Dolayısıyla şimdi, arkadaşlarımız mütemadiyen şunu söylediler: "Gollük bir pas." Ee, siz de doğrudan gol atmak istediniz yani bu başörtüsü meselesini Sayın Genel Başkan gündeme getirirken doğrudan gol atmak istedi, karşı taraftaki de siyaset yapıyor, "Sana attırmam golü ben atarım." dedi eğer öyle bakarsak, öyle bir şey yok tabii. Neden yok? Başörtüsü meselesini hepimiz çok iyi biliyoruz, bizim çok can yakıcı bir meselemiz. Bu mesele üzerinde siyaset yapmak isteyen kaybeder, hiç kimse yapamaz. Siyaseti kabul etmeyecek kadar hassas bir konu ve bunun böyle olduğunu en iyi bilen siyasi kadrolar da AK PARTİ kadrolarıdır çünkü biz bu işi çok bihakkın yaşadık, çok içeriden yaşadık, çok canımız yandı ve bunun, şimdiye kadar Türkiye'nin tercih ettiği demokrasinin bir türlü oturamamasının temel sebeplerinden biri olduğunu da biliyoruz. Neyi kastediyorum? Şunu: Kılık kıyafet dünyanın her yerinde, dünyanın bütün kültürlerinde bir statü sembolüdür; hele geleneksel toplumlarda, sanayileşme öncesi toplumlarda tamamen öyledir ve bunun kavgasını ilk veren de bizler değiliz, pek çok toplum bunun kavgasını vermiştir ama sanayileşmeyle, endüstrileşmeyle, Birinci ve İkinci Dünya Savaşı tecrübelerinden sonra pek çok ülke bunu aştı, biz aşamadık, şimdi aşıyoruz. Yani Türkiye, sanayileşirken sanayileşmenin kültürel boyutunu da tamamlıyor, bunu biraz da öyle alalım. Mesela, bizim dışımızdaki Türk dünyası, İslam dünyası, Avrupa dünyası bizim bu meseleyi nasıl tartıştığımıza, nasıl çözdüğümüze, nasıl sonuca bağladığımıza bakacak, onlara emsal olacağız. Onun için, şöyle diyebilirdi muhalefetten arkadaşlar: "Beraber bir önerge verelim." Öyle bir teklif gelmedi, kendi önergesini verecek, o kabul edilecek; bu da bir siyasettir.
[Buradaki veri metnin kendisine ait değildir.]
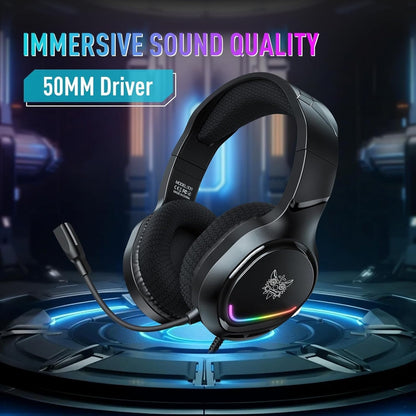 Onikuma X31 RGB Wired Gaming Headset with Mic | Surround Sound Over-Ear Headphones for PC, PS4, PS5, Xbox | LED Light Gaming Headphones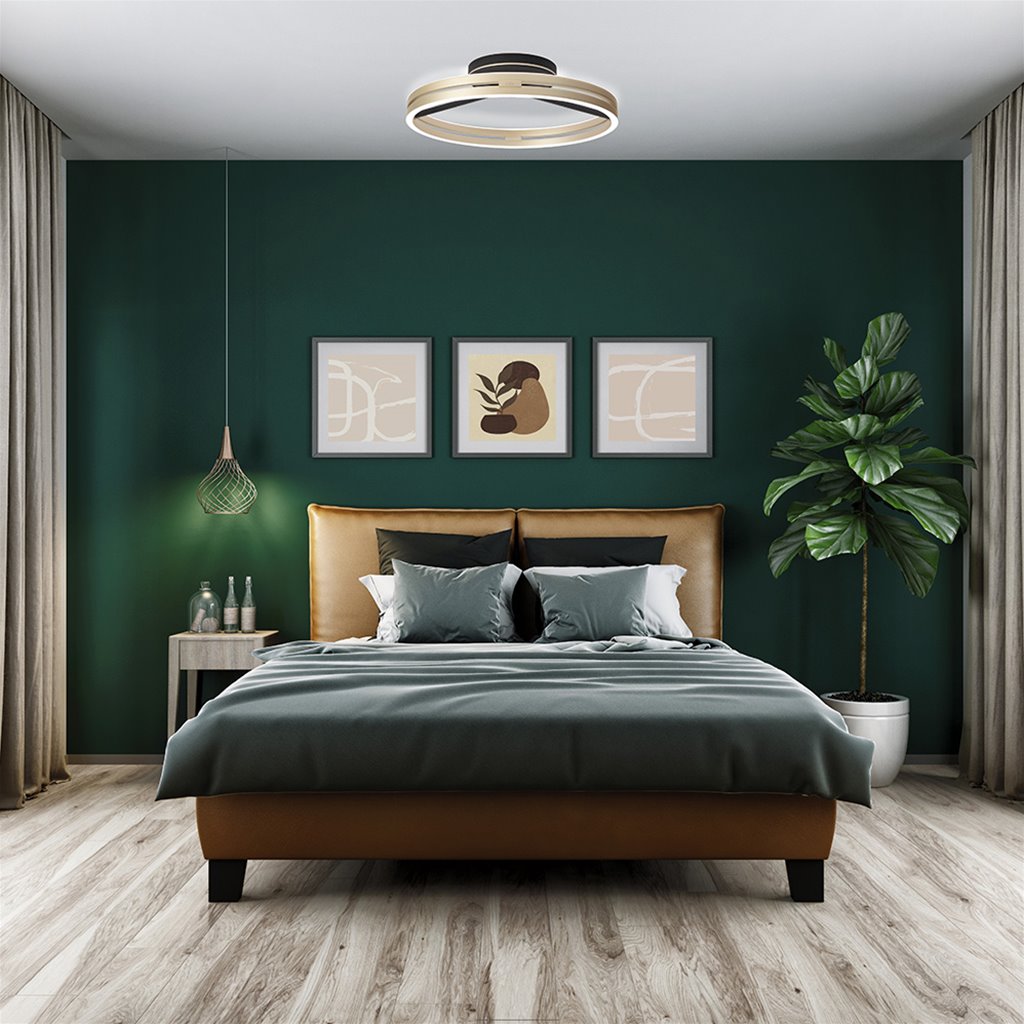 Plafondlamp zwart + goud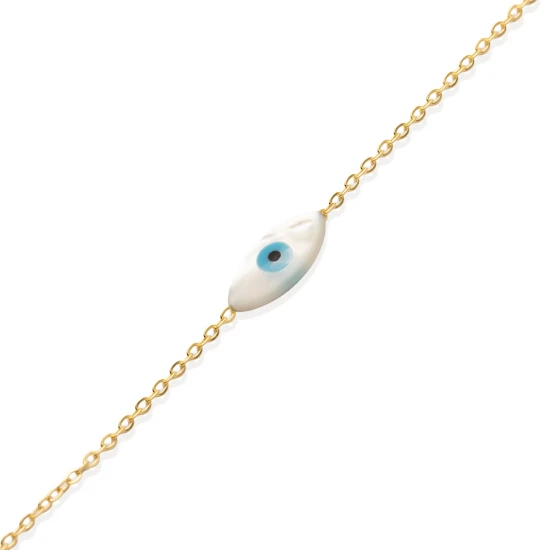 Evil Eye Mother Of Pearl 925 Sterling Silver Bracelet Evil Eye Mother Of Pearl 925 Sterling Silver Bracelet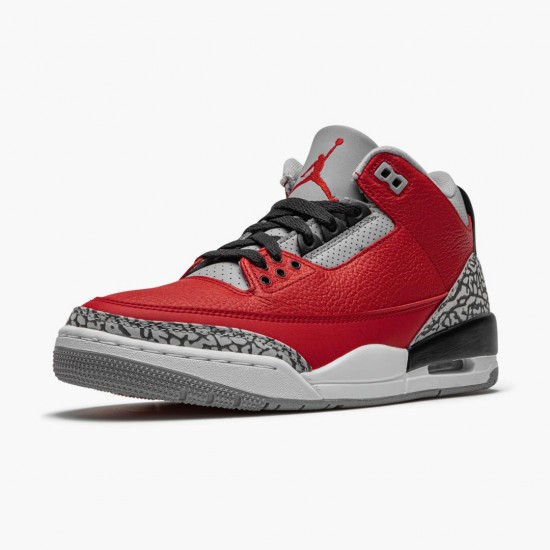 Mens Nike Jordan 3 Retro Fire Red Cement Varsity Red Jordan Shoes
Dolayısıyla ben bu olanları tamamen siyasi bir tavır olarak değerlendiriyorum, Komisyonun terk edilmesi siyaset değildir, Komisyonun terk edilmesi siyaset sahasını terk etmektir, işte orada asıl oyun başlıyor.

Ben meramımı anlattım zannediyorum, bütün arkadaşlarımı saygıyla selamlıyorum.